Collection entries
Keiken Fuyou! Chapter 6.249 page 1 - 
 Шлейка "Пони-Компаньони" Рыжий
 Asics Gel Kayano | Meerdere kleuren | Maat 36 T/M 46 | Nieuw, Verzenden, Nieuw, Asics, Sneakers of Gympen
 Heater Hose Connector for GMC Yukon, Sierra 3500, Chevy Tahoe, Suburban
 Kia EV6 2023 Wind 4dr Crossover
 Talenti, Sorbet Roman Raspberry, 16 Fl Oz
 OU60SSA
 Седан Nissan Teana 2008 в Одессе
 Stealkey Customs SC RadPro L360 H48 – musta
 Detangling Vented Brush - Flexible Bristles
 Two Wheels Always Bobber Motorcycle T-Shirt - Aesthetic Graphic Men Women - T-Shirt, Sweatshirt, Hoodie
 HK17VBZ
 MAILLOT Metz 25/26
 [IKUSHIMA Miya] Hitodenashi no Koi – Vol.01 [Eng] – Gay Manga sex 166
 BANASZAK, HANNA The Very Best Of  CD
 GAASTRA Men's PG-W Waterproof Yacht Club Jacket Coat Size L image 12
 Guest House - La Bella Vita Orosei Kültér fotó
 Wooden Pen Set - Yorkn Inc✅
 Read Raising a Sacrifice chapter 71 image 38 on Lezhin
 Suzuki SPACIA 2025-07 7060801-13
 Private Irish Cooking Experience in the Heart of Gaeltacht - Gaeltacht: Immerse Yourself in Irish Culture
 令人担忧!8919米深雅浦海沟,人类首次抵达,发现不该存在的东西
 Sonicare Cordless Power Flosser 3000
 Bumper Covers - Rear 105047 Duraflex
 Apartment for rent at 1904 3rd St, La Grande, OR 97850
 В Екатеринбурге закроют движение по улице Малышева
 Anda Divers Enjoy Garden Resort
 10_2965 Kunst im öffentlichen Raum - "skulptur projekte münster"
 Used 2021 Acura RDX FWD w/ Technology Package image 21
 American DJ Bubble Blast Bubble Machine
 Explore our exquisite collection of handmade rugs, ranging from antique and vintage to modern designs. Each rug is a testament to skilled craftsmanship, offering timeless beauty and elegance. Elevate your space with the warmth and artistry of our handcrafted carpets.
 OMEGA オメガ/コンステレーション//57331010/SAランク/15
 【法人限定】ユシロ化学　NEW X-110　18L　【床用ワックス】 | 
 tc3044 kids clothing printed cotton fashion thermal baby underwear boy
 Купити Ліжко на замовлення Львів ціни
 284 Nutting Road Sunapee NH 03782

* [WHAT YOU NEED TO DO]
Whenever a line above includes "image", copy it in full.

* [SOLUTION TO THIS PROBLEM]
 GAASTRA Men's PG-W Waterproof Yacht Club Jacket Coat Size L image 12
 Read Raising a Sacrifice chapter 71 image 38 on Lezhin
 Used 2021 Acura RDX FWD w/ Technology Package image 21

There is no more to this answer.